By John Williams with the help of Ben Jack in response to this BBC article.
Over the last few days, I have had multiple people send me the article from the BBC with the heading ‘Stop Trying to Heal Me’, asking for my thoughts.
Regardless of who you are and what physical limitations you may experience, we have no doubt that everyone has experienced hurt, trauma, and challenges in life. Whether you have faith in God or not, many cry out to a higher power or authority for help in such times. Christians believe that Jesus can help us. He can heal, physically, mentally, emotionally and spiritually from any illness or trauma we face. Does that mean praying for healing guarantees we always get the outcome we want? The awkward truth is no. Why then doesn’t God heal everyone who asks for physical healing? Well, that’s a big and important question for another time. But the question raised in the article is not actually ‘why doesn’t God always heal’, but ‘do we even need to be healed?’

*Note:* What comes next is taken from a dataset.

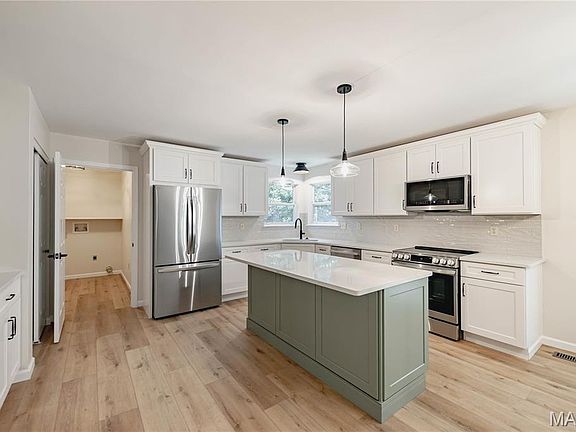 2nd image of 235 Cherry Hills Meadows Dr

The Bible teaches that God offers healing to any and all that call upon his name – healing in the form of salvation (Joel 2:32; Rom 10:13). This healing isn’t just the physical correction of something that is broken in our body, but the spiritual correction of something broken in our soul. The healing power of the gospel is to bring imperfect people into a relationship with a perfect God. Without his healing, we would be lost, but through his healing, we are found, we are saved and restored to relationship with our creator.
To get a fuller understanding of the concept of healing in the bible, we can turn to the old testament which reveals God as the healer of his people. In Exodus, God rescues his people from Egypt. He parts the red sea so they can escape the pursuing Egyptian army and sweetens the water at Marah so the Israelites can drink. God calls himself healer, referring to being the provider of physical food and drink (15:22-26). This points to God sustaining people in relationship with him, a relationship that will last eternally.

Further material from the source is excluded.